ESPAÇO CULTURAL RUY PEREIRA E O ZÉ REEIRA
No espremido beco, encostado ao
IFRN da Cidade Alta, boêmia rua Professor Zuza, nas subidas e descidas da
Avenida Rio Branco quem manda é o Zé Reeira, uma figura já bastante idosa mas
rodeada por amigos que frequentam diariamente o seu bar, de grande vitalidade e
alegria. A revitalização chegou até lá. Com grafites espalhados multicolores e
que representam uma certa quantidade de personagens, e uma tenda com mesas e
cadeiras, Zé Reeira viu o seu bar, local de uma vida inteira, ganhar nova vida
e ser valorizado, ganhando até nova e eclética clientela. “Quando eu abri o
bar, essa rua ainda era aberta. Depois, a câmara tombou. Depois disso, o espaço
melhorou. O nosso interesse é sempre na área cultural. Começou com feirinhas de
artesanato, de legumes e verduras. Ainda temos algumas feiras aqui. Muito do
que não tem espaço no IFRN é realizado aqui e o espaço a cada dia fica mais
famoso. Eu sou um felizardo do projeto mas antes era eu mesmo que bancava tudo”.
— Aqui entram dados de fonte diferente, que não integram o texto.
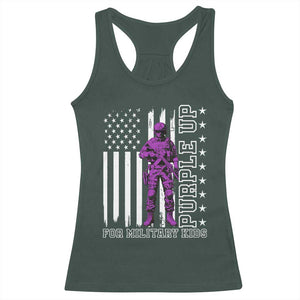Purple Up For Military Kids Racerback Tank Top Military Child Month TS02 Dark Forest Green Print Your Wear
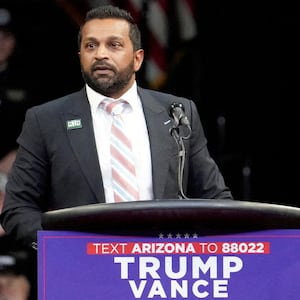 Kash Patel, former chief of staff to the defense secretary, speaks on the day Republican presidential candidate and former U.S. President Donald Trump holds a campaign rally, in Prescott Valley, Arizona, U.S., October 13, 2024.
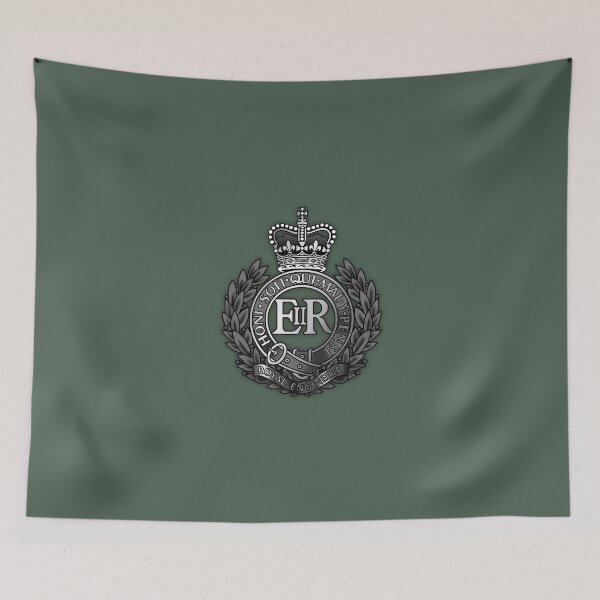 Item preview, Royal Engineers Cap Badge black and White (ER) designed and sold by Auburn-Art.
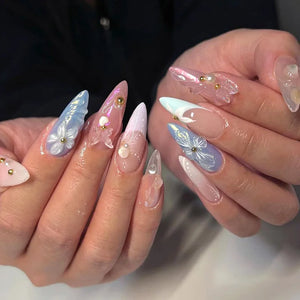 🎀 24pcs French Almond Press-On Nails – Elegant Golden Bow Design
Ele é esperançoso em relação ao futuro do espaço, se palitando pelo projeto de
revitalização. A todo o tempo, cobre o prefeito Álvaro Dias e sua gestão de
elogios.
Um homem embriagado, um dos seus
melhores amigos e mais assíduos frequentadores (todos os dias), não gostou da
nova decoração do local por achar que as novas imagens são “muito pesadas” e
que não representam a cultura popular. Bêbado, pergunta várias vezes o
significado da palavra “revitalização” e acha que o trabalho é apenas uma
maquiagem.
Todas as sextas e sábados tem uma
roda de samba comandada pelo músico Debinha e também o Serestas ao Luar. A boa
comida também atrai o público nos finais de semana. O local ainda passa por
obras. A revitalização preservou mas ao mesmo tempo jogou o passado e a sua
pintura antiga para a nova linguagem e estética do grafite.
Também vale a pena passar pela Casa
do Cordel, localizada na rua Vigário Bartolomeu. O coração de Natal pulsa, de
maneira escondida e desvalorizada, em seu berço ao som do coco de roda.